# DATA RECORDS
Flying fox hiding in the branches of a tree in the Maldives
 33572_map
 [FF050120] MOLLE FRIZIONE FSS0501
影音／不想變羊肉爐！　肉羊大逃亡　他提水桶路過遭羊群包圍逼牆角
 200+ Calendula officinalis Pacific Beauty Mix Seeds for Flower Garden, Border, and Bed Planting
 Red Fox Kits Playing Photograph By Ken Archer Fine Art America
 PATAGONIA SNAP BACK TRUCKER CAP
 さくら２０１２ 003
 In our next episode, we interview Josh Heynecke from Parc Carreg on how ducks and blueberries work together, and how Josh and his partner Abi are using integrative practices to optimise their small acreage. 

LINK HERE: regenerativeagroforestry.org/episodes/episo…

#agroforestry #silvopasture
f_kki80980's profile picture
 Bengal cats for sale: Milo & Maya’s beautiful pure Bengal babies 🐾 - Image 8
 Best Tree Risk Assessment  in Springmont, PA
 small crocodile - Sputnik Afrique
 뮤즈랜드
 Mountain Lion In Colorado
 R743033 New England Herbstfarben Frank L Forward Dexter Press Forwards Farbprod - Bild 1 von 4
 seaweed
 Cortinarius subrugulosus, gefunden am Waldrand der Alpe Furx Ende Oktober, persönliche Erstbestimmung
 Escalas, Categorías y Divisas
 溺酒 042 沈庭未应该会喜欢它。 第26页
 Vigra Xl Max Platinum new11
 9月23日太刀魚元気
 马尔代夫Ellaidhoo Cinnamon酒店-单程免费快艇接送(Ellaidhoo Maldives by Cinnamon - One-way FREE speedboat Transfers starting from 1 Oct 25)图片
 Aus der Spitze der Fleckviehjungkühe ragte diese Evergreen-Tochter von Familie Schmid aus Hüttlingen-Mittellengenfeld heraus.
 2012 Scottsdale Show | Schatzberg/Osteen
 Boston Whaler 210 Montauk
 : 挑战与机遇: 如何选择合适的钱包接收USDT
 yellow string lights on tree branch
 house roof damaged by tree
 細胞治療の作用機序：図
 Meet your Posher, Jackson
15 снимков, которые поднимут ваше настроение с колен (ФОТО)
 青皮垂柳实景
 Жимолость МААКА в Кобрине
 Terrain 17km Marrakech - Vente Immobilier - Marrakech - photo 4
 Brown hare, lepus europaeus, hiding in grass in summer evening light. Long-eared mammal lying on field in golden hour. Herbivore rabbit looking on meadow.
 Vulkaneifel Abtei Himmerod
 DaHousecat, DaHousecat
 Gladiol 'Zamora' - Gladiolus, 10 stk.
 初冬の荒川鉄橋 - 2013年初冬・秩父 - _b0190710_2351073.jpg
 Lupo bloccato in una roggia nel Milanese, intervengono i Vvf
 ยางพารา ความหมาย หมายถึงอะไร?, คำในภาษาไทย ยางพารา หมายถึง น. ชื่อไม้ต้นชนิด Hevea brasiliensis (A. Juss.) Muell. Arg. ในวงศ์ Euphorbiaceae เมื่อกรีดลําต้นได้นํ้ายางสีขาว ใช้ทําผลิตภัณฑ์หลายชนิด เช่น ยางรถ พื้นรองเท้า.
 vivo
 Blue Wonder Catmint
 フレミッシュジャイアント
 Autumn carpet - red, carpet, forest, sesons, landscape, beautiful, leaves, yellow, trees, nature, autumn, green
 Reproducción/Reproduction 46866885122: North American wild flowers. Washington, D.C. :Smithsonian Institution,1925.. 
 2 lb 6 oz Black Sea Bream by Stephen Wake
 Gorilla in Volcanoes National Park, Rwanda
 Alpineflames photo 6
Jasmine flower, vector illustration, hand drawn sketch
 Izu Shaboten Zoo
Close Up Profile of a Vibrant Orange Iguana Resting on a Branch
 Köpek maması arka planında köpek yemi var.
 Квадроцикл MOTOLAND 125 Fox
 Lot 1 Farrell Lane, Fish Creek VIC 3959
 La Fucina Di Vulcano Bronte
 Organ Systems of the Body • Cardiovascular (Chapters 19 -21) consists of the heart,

# ACTIVITY
All lines above from the one with "Boston Whaler 210 Montauk" to the one with "初冬の荒川鉄橋 - 2013年初冬・秩父 - _b0190710_2351073.jpg", inclusive, should be copied exactly, and no other lines.

# ANSWER SECTION
 Boston Whaler 210 Montauk
 : 挑战与机遇: 如何选择合适的钱包接收USDT
 yellow string lights on tree branch
 house roof damaged by tree
 細胞治療の作用機序：図
 Meet your Posher, Jackson
15 снимков, которые поднимут ваше настроение с колен (ФОТО)
 青皮垂柳实景
 Жимолость МААКА в Кобрине
 Terrain 17km Marrakech - Vente Immobilier - Marrakech - photo 4
 Brown hare, lepus europaeus, hiding in grass in summer evening light. Long-eared mammal lying on field in golden hour. Herbivore rabbit looking on meadow.
 Vulkaneifel Abtei Himmerod
 DaHousecat, DaHousecat
 Gladiol 'Zamora' - Gladiolus, 10 stk.
 初冬の荒川鉄橋 - 2013年初冬・秩父 - _b0190710_2351073.jpg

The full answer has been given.